Coaching career (HC unless noted)
- 1965–1974: St. Ladislaus H.S. (basketball)
- 1974–1977: Wayne State (basketball)
- 1978–1980: Michigan (softball)
- 1982–1984: Michigan (basketball)

Head coaching record
- Overall: 111–140 (.442) (basketball) 49–25 (.662) (softball)

Accomplishments and honors

Championships
- Michigan Class B High School championships, 1973, 1974

= Gloria Soluk =

American basketball and softball coach

Gloria Soluk is an American former basketball and softball coach. She was the third head coach of the Michigan Wolverines women's basketball team. She held that position from 1977 to 1984 and compiled a record of 66–120. She was also the first head coach of the Michigan Wolverines softball team, compiling a 49–25 record from 1978–1980. She previously served as the head coach of the Wayne State University women's basketball team from 1974 to 1977 and had a 45–20 record in that position. She was also the girls' basketball coach at St. Ladislaus High School in Hamtramck, Michigan for nine years. She led St. Ladislaus to consecutive state championships in 1973 and 1974 and compiled a 114–13 record as a high school coach.

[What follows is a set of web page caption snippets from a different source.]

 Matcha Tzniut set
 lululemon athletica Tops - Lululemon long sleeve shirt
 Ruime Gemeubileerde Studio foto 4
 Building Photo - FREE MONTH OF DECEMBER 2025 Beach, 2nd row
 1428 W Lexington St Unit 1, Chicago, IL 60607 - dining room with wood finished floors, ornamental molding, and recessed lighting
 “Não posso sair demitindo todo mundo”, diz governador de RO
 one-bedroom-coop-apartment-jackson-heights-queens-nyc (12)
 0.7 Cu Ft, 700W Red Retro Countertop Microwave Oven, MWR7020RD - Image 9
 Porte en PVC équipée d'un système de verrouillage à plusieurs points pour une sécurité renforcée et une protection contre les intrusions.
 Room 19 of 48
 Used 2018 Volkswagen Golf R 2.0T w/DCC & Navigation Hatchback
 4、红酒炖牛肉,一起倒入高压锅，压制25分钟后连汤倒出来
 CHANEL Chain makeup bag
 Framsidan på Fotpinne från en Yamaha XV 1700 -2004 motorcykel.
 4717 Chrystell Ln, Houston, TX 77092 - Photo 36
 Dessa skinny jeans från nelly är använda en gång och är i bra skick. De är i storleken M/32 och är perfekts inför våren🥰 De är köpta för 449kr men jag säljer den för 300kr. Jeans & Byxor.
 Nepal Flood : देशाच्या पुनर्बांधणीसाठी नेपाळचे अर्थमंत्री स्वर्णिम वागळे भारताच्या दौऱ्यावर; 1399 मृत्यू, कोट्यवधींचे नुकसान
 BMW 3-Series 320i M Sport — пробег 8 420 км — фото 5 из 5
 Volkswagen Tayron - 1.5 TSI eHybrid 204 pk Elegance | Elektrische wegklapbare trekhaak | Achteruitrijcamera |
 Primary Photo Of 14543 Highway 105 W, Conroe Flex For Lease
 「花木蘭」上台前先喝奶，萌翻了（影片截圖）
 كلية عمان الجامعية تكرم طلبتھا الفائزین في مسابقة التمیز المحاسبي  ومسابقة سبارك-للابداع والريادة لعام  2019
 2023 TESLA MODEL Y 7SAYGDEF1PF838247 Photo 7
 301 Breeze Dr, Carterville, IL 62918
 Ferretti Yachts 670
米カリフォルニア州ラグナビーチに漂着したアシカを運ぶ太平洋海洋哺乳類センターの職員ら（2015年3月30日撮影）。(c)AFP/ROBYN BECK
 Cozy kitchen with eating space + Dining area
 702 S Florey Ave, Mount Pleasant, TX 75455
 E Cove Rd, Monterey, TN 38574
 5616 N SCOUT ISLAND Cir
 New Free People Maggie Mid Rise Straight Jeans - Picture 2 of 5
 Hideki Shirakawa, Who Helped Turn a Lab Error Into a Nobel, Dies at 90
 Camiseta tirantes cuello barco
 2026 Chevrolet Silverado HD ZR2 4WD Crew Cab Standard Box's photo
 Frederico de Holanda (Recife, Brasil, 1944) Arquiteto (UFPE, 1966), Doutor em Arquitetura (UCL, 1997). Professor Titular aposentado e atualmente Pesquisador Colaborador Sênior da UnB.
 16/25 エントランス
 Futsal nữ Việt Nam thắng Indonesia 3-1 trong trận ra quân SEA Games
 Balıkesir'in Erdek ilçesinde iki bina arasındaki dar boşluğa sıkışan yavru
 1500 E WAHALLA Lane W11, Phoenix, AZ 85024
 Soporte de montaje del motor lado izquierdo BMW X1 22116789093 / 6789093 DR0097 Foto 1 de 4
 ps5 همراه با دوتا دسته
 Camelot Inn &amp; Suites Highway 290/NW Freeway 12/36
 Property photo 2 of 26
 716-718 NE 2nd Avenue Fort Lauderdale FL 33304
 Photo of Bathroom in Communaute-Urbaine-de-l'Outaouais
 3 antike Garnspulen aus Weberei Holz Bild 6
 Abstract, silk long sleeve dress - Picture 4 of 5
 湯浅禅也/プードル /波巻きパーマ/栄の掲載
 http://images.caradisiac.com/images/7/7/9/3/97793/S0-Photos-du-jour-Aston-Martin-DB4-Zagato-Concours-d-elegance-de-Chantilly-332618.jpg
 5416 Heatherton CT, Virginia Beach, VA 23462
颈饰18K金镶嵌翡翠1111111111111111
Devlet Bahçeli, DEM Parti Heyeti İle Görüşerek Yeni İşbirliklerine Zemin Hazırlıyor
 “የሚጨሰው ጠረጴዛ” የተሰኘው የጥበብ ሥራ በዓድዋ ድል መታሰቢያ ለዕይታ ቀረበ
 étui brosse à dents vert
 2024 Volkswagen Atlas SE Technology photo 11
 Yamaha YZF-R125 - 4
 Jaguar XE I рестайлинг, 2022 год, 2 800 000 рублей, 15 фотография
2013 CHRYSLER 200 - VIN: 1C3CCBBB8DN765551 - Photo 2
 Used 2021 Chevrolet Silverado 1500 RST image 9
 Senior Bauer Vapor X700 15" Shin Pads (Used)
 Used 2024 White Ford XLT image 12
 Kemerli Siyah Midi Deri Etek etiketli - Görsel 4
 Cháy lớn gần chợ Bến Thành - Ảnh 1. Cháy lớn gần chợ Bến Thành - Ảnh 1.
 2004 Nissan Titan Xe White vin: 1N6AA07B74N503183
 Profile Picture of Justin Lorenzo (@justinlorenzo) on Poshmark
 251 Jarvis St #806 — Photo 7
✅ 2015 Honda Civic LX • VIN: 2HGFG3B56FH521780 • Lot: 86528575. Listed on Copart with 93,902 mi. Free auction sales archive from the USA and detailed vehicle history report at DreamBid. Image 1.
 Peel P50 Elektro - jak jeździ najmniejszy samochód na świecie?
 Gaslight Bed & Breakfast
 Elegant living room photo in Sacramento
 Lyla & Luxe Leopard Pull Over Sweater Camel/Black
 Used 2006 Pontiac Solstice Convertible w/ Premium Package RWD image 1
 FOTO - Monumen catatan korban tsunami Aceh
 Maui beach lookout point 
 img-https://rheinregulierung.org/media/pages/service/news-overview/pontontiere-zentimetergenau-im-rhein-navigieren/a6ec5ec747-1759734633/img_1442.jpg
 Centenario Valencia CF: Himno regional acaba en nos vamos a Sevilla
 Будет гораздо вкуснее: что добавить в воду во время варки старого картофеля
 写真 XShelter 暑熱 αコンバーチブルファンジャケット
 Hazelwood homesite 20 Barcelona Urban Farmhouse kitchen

==Early years and St. Ladislaus==
Soluk received a master's degree in counseling and guidance from the University of Michigan. After graduating from Michigan, she spent nine years as the girls' basketball coach at St. Ladislaus High School in Hamtramck, Michigan. Her St. Ladislaus teams compiled a 114–13 record and won Class C state championships in 1973 and 1974.

==Wayne State==
In 1974, Soluk became the head coach of the Wayne State University women's basketball team. She held that position from 1974 to 1977. In three years at Wayne State, she compiled a 45–20 record.

==University of Michigan==

===Basketball===
In September 1977, Soluk was hired to replace Carmel Borders as the head women's basketball coach at the University of Michigan. At the time of her hiring, Soluk said, "My whole career has been based on upgrading women's athletics. I feel Michigan has the potential to become a leader in women's athletics in the next few years, and I want to be a part of it."

Soluk served as Michigan's women's basketball coach from 1977 to 1984. In her first four seasons as head coach, the Michigan Wolverines women's basketball team did not have a winning season and compiled a 36–63 record. In 1979 and again in 1980, some players began a movement to remove Soluk as the head coach. During the 1980–1981 season, 11 players left the team, reportedly as the result of conflicts with Soluk.

During the 1981–1982 season, the team was led by All-American Diane Dietz, who broke the Big Ten Conference scoring record. The team compiled a 17–9 record, the best in the program's history. Dietz later recalled her time playing for Soluk as follows:"She was here when I came in. I played against her teams a lot in high school – she was at a rival school then. But she was a Bobby Knight disciple, so it was motion offense, all the way. A lot of people weren't doing that then. She spent a lot of time with us, coaching that philosophy, and it changed the way I played, how all of us played."

With the loss of Dietz to graduation, the Michigan women's basketball team reached new lows from 1982 to 1984. The team compiled a 4–24 record during the 1982–1983 season and followed with another poor showing (4–22) in the 1983–1984 season. After the 1983–1984 season, Soluk resigned and was replaced by Bud Van De Wege, Jr., as Michigan's women's basketball coach. Soluk's overall record as Michigan's women's basketball coach was 66–120.

===Softball===
Soluk was also the first head coach of the Michigan Wolverines softball team, holding the position from 1978 to 1980. When she was hired by Michigan in 1977, it was as Michigan's women's basketball coach, and there was no softball team. She later recalled, "I was asked to serve as the head coach for the first few seasons in order to get things off the ground." She compiled a 49–25 record in three years as Michigan's head softball coach.